# ACTIVITY:
Starting at the line that contains "Amassadeira Espiral AES-05 Vermelha Braesi", repeat each line of the listing below through the last one, exactly, and leave out every picture.

# DATASET:
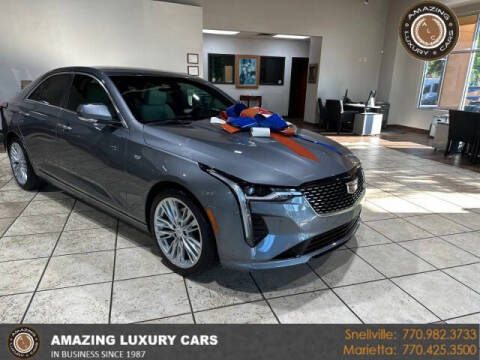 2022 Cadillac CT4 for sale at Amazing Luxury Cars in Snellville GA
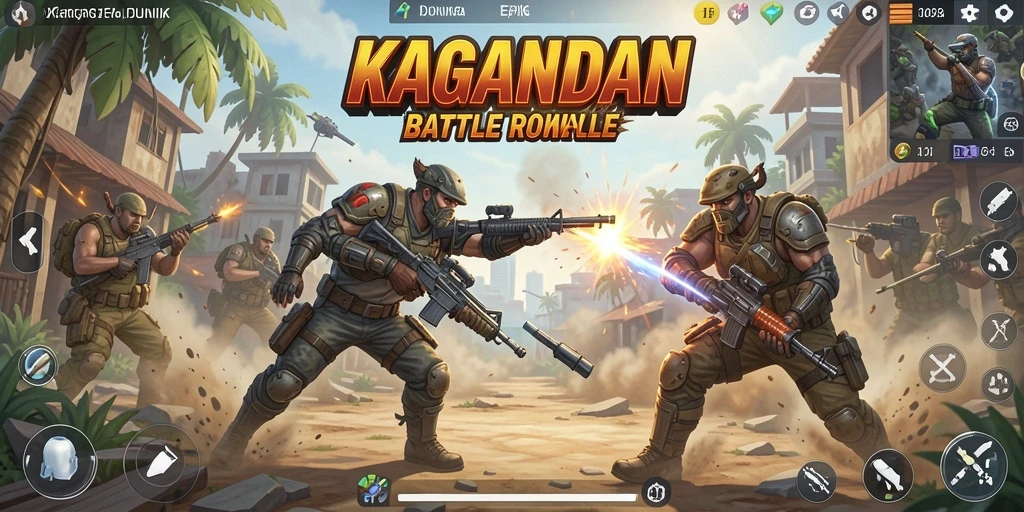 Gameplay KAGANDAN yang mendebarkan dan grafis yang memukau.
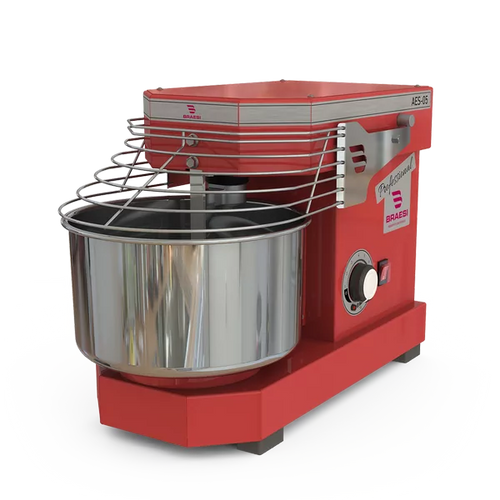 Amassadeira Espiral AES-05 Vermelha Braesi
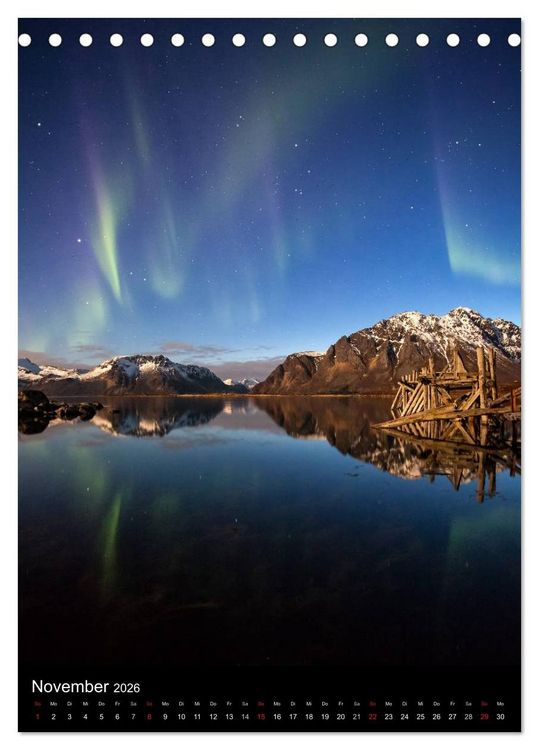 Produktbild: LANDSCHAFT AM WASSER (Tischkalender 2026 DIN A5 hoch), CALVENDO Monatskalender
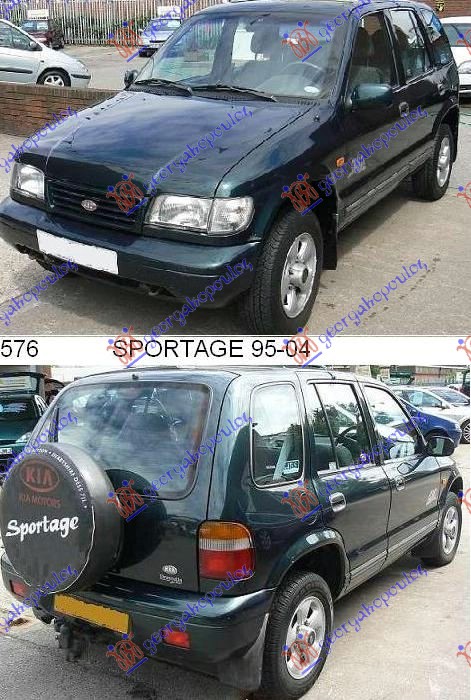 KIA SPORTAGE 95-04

# ANSWER BELOW:
 Amassadeira Espiral AES-05 Vermelha Braesi
 Produktbild: LANDSCHAFT AM WASSER (Tischkalender 2026 DIN A5 hoch), CALVENDO Monatskalender
 KIA SPORTAGE 95-04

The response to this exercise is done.